* About this exercise *
Only the lines from the one with "Cartoon Network Games: Regular" to the end of the data below should be given again, exactly, with both ends included and pictures omitted.

* Image-text web data *
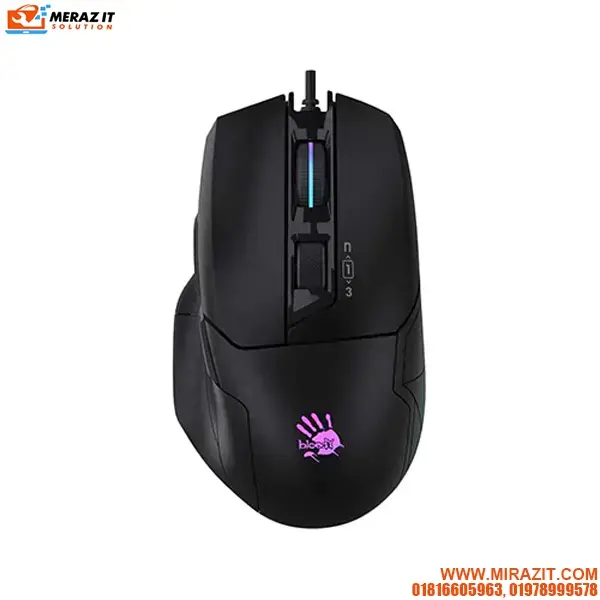 A4TECH Bloody W70 Max RGB Gaming Mouse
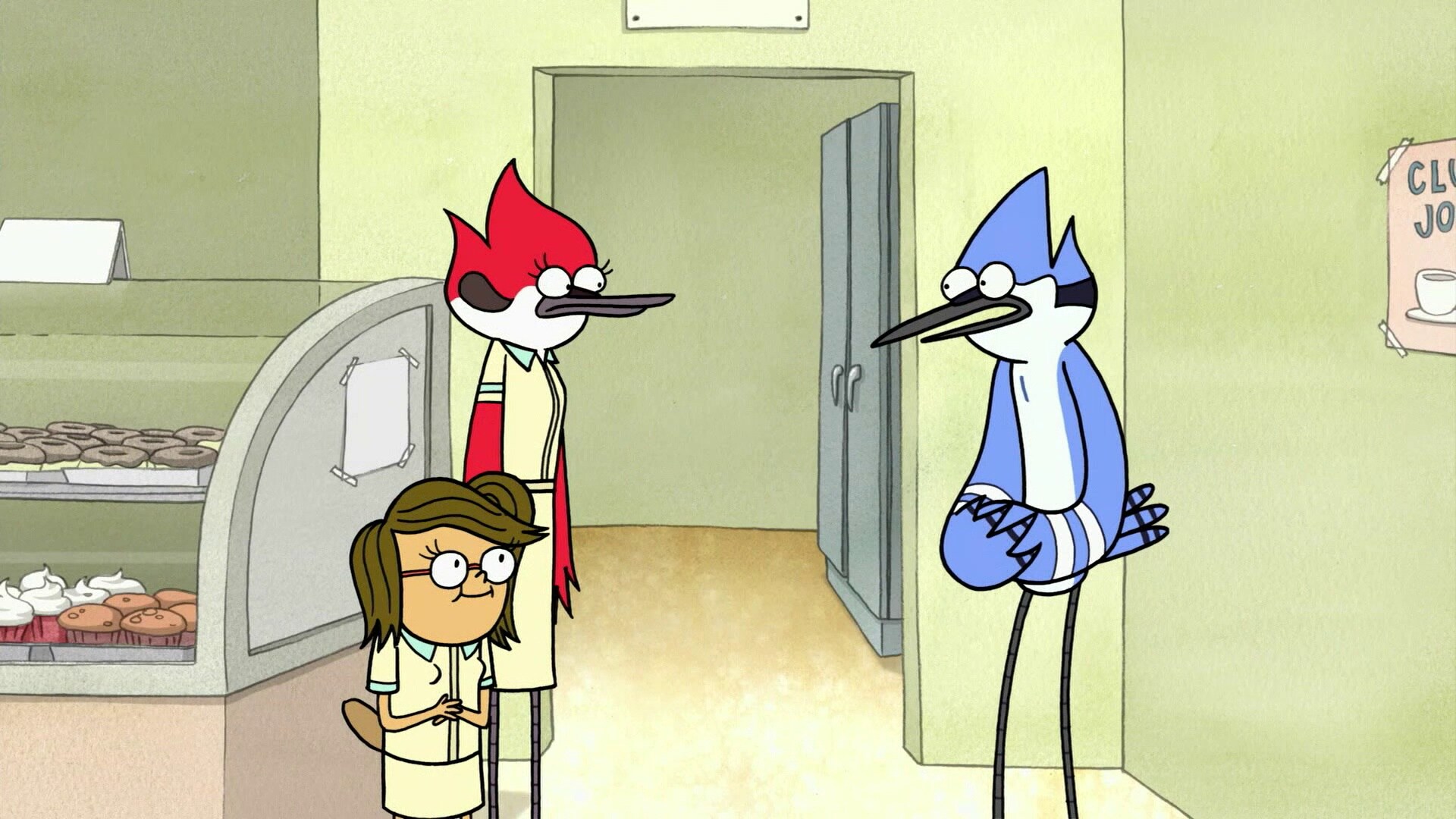 Cartoon Network Games: Regular Show - Ride 'Em Rigby 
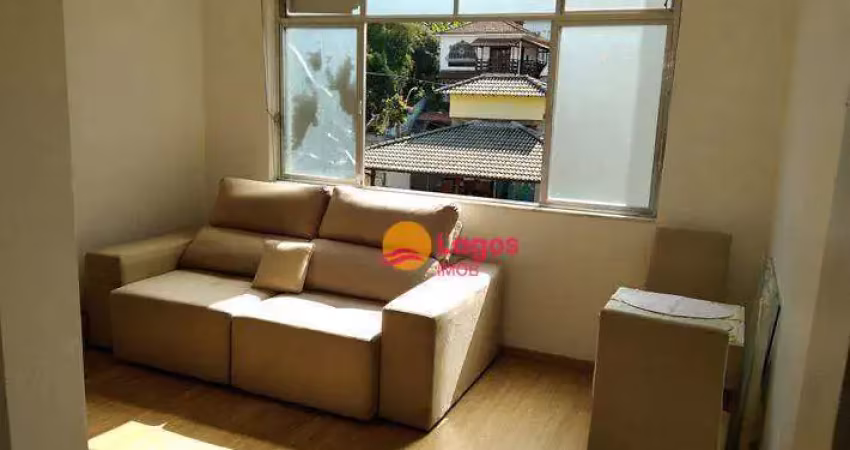 Apartamento à venda, 40 m² por r$ 190.000,00 - fátima - niterói/rj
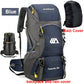 50L Waterproof Travel Backpack for Hiking Camping Climbing Outdoor Adventures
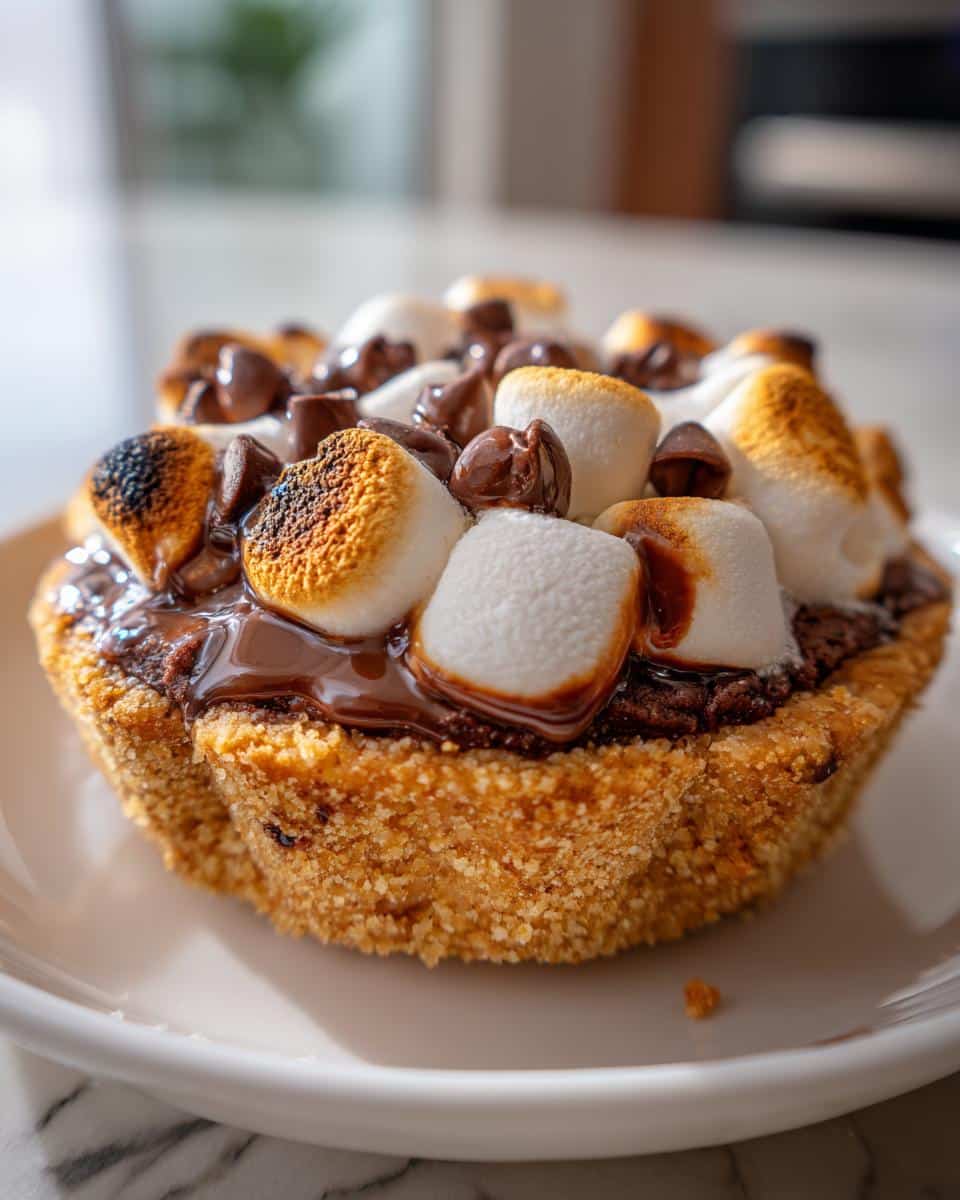 Mini S’mores Pies - detail 2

* Reply *
 Cartoon Network Games: Regular Show - Ride 'Em Rigby 
 Apartamento à venda, 40 m² por r$ 190.000,00 - fátima - niterói/rj
 50L Waterproof Travel Backpack for Hiking Camping Climbing Outdoor Adventures
 Mini S’mores Pies - detail 2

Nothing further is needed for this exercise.